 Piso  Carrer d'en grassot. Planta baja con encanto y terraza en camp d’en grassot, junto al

--

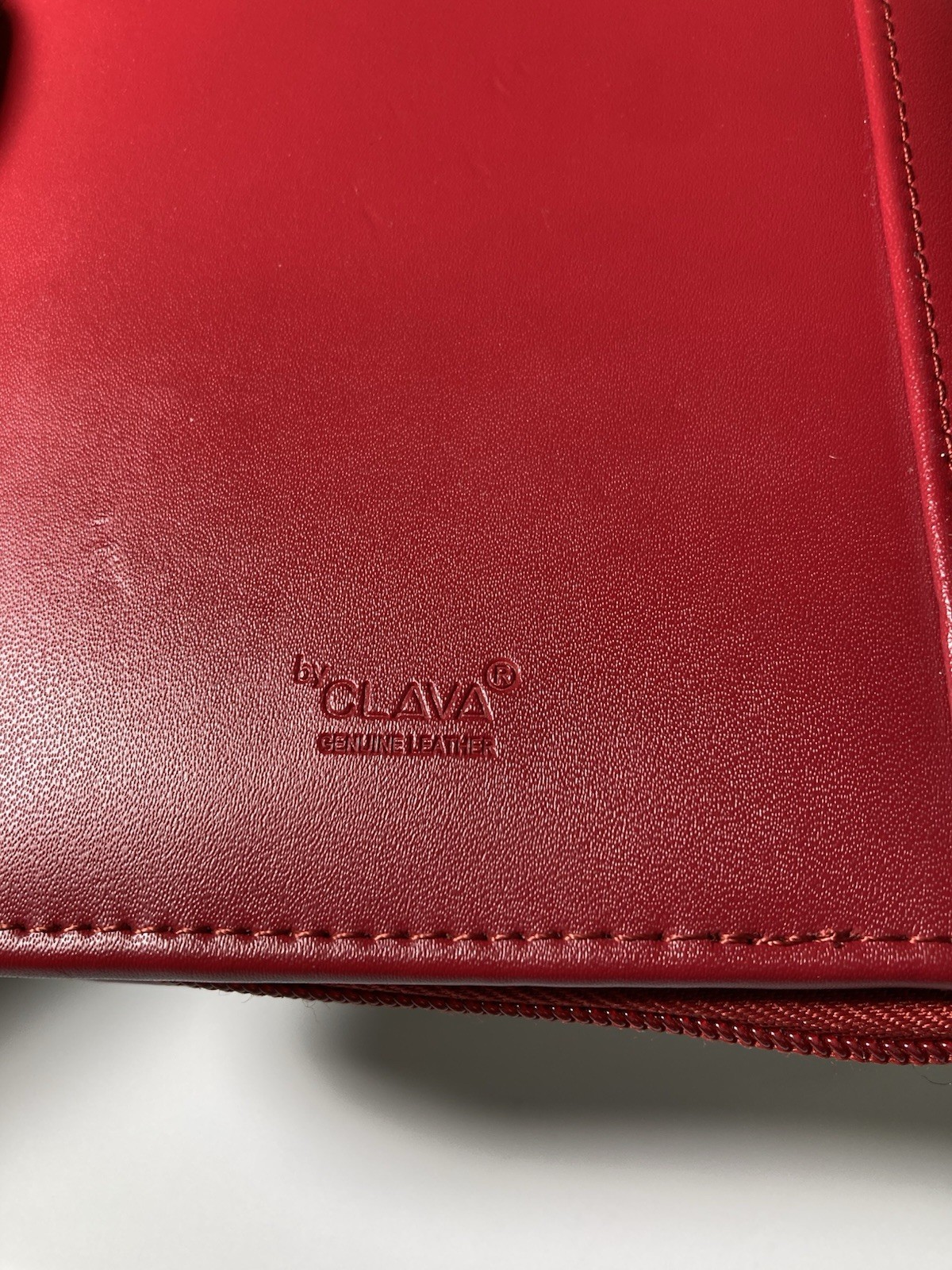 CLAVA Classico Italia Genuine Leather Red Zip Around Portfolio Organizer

==

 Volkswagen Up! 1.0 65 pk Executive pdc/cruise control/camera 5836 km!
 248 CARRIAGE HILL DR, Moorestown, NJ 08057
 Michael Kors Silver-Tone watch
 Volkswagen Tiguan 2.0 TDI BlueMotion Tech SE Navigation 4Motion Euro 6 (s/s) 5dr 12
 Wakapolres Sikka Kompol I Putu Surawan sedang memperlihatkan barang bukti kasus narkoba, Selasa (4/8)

→ EXERCISE
Once you find the line with "Michael Kors Silver-Tone watch" above, print it and every line after it up to and including the line with "Wakapolres Sikka Kompol", exactly as written and nothing else.

→ REPLY
 Michael Kors Silver-Tone watch
 Volkswagen Tiguan 2.0 TDI BlueMotion Tech SE Navigation 4Motion Euro 6 (s/s) 5dr 12
 Wakapolres Sikka Kompol I Putu Surawan sedang memperlihatkan barang bukti kasus narkoba, Selasa (4/8)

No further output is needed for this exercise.